Oil prices have tumbled by nearly $40 a barrel in just three weeks amid growing signs that demand for energy will slow along with weakening economies around the world. As recently as July, oil was trading at a record of $145 a barrel.
The decline in oil prices could provide a form of stimulus to the economy as consumers pay less to fill up their tanks. If oil prices stay at current levels, consumers would have $250 billion more, over a year, to save or spend elsewhere, according to Lawrence Goldstein, an energy economist. Some analysts expect oil prices to keep declining, perhaps to as low as $50 a barrel in coming months.
Americans will probably see lower energy bills this winter, as gasoline and heating oil futures also dropped sharply on Thursday. Gasoline prices now average $3.08 a gallon, down from a summer peak of $4.11 a gallon, according to AAA.
The decline in oil prices came after a government report showed a larger-than-anticipated rise in domestic crude oil stockpiles as Americans use less oil, in part because they are driving less. In the past month, domestic oil demand has fallen to its lowest level since June 1999, at 18.6 million barrels a day, according to the Department of Energy.
Oil settled down $4.69 a barrel at $69.85 on Thursday. The drop, along with other promising signs on the inflation front, was among the reasons investors bid stocks higher, with the Dow Jones industrial average closing up 401.35 points at 8,979.26,
Natural gas prices have also tumbled since their summer peak of $13.58 per thousand cubic feet. On Thursday, natural gas futures rose 19 cents, to $6.81, after a report showed that stockpiles rose less than expected.

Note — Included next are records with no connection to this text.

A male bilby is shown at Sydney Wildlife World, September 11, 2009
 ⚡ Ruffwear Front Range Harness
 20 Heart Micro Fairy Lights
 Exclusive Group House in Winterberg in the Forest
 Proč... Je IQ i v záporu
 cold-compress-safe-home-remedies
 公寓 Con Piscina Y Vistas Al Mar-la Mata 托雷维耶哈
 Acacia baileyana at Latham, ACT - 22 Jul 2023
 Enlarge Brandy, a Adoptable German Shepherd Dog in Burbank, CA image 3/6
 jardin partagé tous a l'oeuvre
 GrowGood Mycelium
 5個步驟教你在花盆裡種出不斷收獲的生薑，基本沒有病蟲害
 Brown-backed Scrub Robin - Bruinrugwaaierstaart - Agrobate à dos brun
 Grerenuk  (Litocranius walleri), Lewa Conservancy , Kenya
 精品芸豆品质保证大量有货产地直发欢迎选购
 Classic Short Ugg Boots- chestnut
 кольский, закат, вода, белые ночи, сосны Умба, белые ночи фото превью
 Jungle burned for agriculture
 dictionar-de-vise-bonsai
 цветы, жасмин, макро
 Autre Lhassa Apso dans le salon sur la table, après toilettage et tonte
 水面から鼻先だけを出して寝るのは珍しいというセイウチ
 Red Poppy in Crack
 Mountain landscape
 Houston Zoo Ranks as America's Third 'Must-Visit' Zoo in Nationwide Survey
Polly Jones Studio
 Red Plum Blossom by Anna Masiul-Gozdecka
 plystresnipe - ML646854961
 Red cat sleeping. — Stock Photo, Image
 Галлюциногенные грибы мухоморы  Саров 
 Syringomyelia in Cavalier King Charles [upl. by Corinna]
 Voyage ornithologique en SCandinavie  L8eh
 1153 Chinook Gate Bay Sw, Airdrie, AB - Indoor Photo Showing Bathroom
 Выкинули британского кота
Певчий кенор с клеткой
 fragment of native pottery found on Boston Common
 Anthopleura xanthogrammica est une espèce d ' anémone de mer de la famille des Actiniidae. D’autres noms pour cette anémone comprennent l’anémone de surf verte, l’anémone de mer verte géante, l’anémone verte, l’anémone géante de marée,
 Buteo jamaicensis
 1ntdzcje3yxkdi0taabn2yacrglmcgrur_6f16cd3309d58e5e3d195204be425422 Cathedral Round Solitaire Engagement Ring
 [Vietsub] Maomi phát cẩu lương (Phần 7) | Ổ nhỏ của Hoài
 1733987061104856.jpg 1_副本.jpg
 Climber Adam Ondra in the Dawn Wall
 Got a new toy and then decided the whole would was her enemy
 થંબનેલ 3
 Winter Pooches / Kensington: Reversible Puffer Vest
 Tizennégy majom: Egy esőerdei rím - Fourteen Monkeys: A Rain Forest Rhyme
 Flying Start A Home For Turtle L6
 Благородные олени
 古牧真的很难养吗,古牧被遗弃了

While consumers may have reason to cheer the falling oil prices after such a sharp run-up, the wild roller coaster of volatility is a nightmare for oil producers and petroleum executives who say they need more stability to better plan long-term projects to develop new sources of oil.
If they cannot be confident that they will get a stable return on their investment, they may hold back. That in turn could set the stage for possible shortages of oil and higher prices when global demand picks up again.
The sharp drop-off has forced OPEC’s hand. The cartel said just last week that it would meet in mid-November, after the U.S. elections. But on Thursday it rescheduled its emergency session for next Friday, Oct. 24.
The cartel’s producers, who control 40 percent of global experts, could curb their output by about a million barrels a day to try to stem the drop in prices, according to analysts.
From its inception the oil industry has gone through countless cycles, with oil companies cutting investments when prices fell. The price collapse of the 1980s forced companies to slash investments and sparked a wave of large mergers through the industry. But this retrenchment left the world scrambling for oil when demand from Asian and Latin American economies soared.